Alonso Huerta Mejías, estudiante del Colegio Lucero de La Calera, logró ubicarse entre los mejores jugadores de Latinoamérica en la categoría Senior del Pokémon Trading Card Game. Su camino comenzó como un juego familiar y terminó convertido en una clasificación mundialista.
LA CRUZ.- Lo que partió como un pasatiempo entre padre e hijo terminó llevando a un adolescente de La Cruz hasta el escenario competitivo más importante del mundo Pokémon. Alonso Huerta Mejías, de 14 años, vecino del sector Paradero 15, clasificó al Campeonato Mundial de Pokémon Trading Card Game, torneo que reunirá en en Estados Unidos, en agosto de 2026, a los mejores jugadores del circuito internacional.
Alonso nació en Quillota, ha vivido toda su vida en La Cruz y actualmente cursa primero medio en el Colegio Lucero de La Calera. Su vínculo con las cartas Pokémon comenzó hace algunos años, cuando su padre, Daniel Huerta Godoy, retomó un juego que conocía desde su juventud y decidió compartirlo con él.
“Yo partí jugando en la primera generación de las cartas, como por 1998. Hace un par de años se dio la oportunidad de comprar cartas y retomar el juego. Se lo mostré a mi hijo, le gustó y empezamos de a poquito”, cuenta Daniel.
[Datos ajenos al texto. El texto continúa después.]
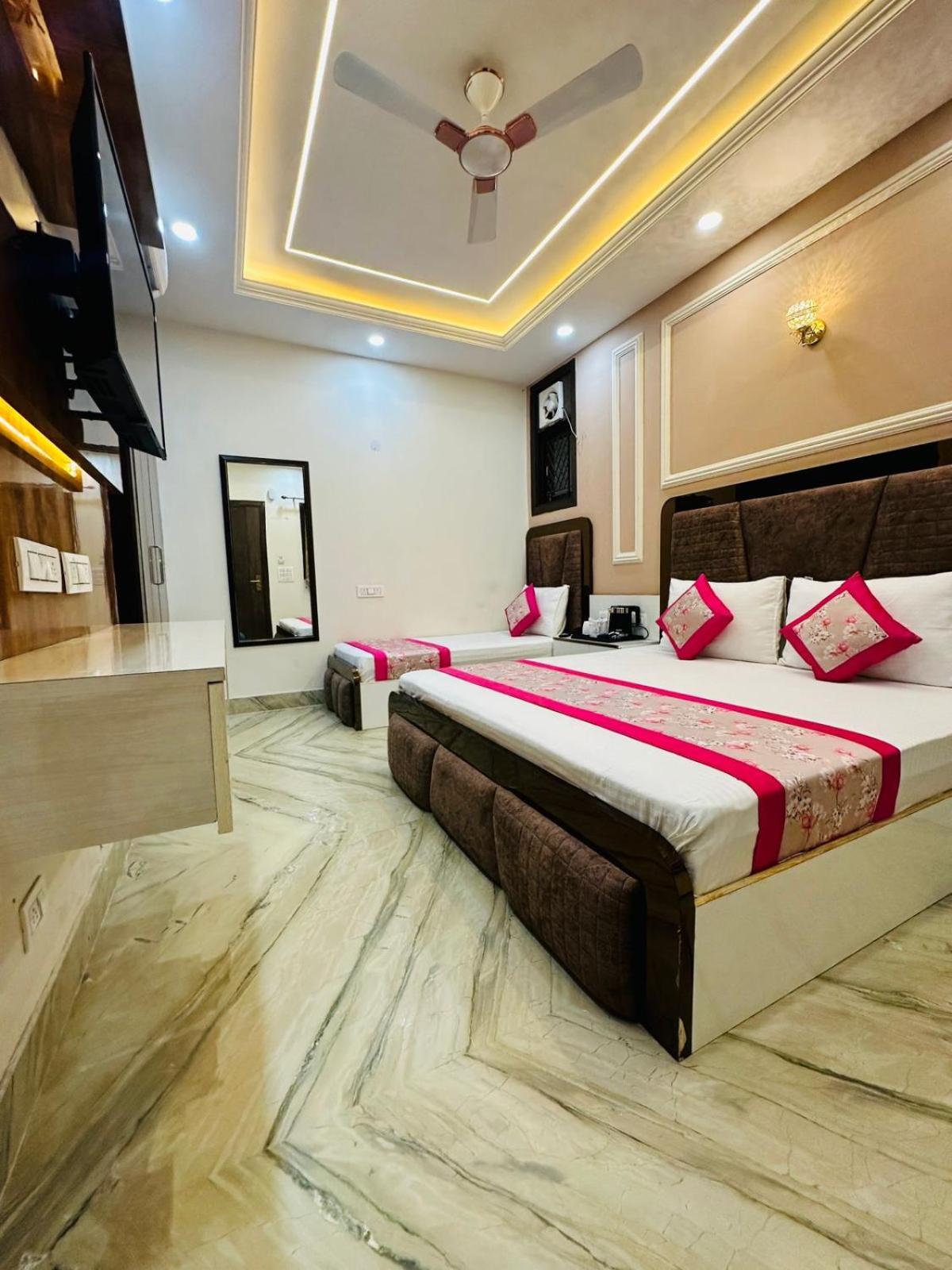 Hotel Samrat Residency 10 Mints Walking Distance Nizamuddin Railway Station Nueva Delhi Exterior foto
Primero jugaron en casa. Luego comenzaron a participar en torneos locales, especialmente en tiendas de la zona como La Posada del Mago, en Quillota, además de espacios en Villa Alemana, Viña del Mar y otras comunas donde se reúne la comunidad competitiva.
Con el tiempo, el hobby se transformó en una disciplina que exige estrategia, preparación y constancia. En Pokémon TCG, cada jugador compite con un mazo de 60 cartas, que combina Pokémon, energías y cartas de entrenador. Los torneos oficiales se desarrollan por rondas cronometradas y entregan puntos para el ranking internacional.

Jugador de cartas crucino clasificó gracias a su gran desempeño en torneo en Perú
En la categoría de Alonso, llamada Senior, compiten jugadores entre 13 y 16 años. Para llegar al Mundial, debía ubicarse entre los mejores de Latinoamérica, en una temporada que comenzó en agosto y finalizó en junio.
Ese camino lo obligó a salir de Chile. Según relata su padre, los puntos disponibles en torneos nacionales no eran suficientes para asegurar una clasificación, por lo que participaron en competencias en Brasil, Argentina y Perú.

La clasificación se consolidó tras su participación en Lima, donde obtuvo puntos clave para quedar entre los 50 mejores jugadores latinoamericanos de su categoría. “Uno de mis sueños era ver gente de otros países jugando cartas Pokémon. Ir a competir afuera me hizo muy feliz“, reconoce Alonso.


Los beneficios que ha traído a su vida este juego
El logro también ha tenido un impacto en su vida cotidiana. Sus compañeros de colegio lo felicitaron por la clasificación y, según su familia, el juego le ha permitido ganar seguridad, hacer amigos y relacionarse con personas de distintas edades y países.
“Más allá del juego, le ha ayudado mucho en su formación. Ha tenido que aprender a comunicarse, hablar en inglés, planificar estrategias y enfrentar la frustración“, explica Daniel, quien trabaja en minería en Antofagasta bajo sistema 4×3 y organiza sus tiempos para acompañarlo en las competencias.

Ahora, padre e hijo ya preparan el viaje a Estados Unidos. Irá también Emilio Cordero, sanfelipeño que clasificó en primer lugar de Latinoamérica.
Para Alonso será la primera vez en un Mundial, una experiencia que la familia asume con emoción, pero también con realismo: competir en Pokémon TCG requiere estudio, práctica y una lectura constante del llamado “Meta”, es decir, los mazos más utilizados en el circuito.

El adolescente ya tiene una meta cumplida: poner el nombre de La Cruz y la provincia de Quillota en el mapa mundial de una competencia que, para muchos, todavía parece solo un juego, pero que para él se convirtió en una puerta hacia nuevos amigos, nuevos países y un desafío que recién comienza.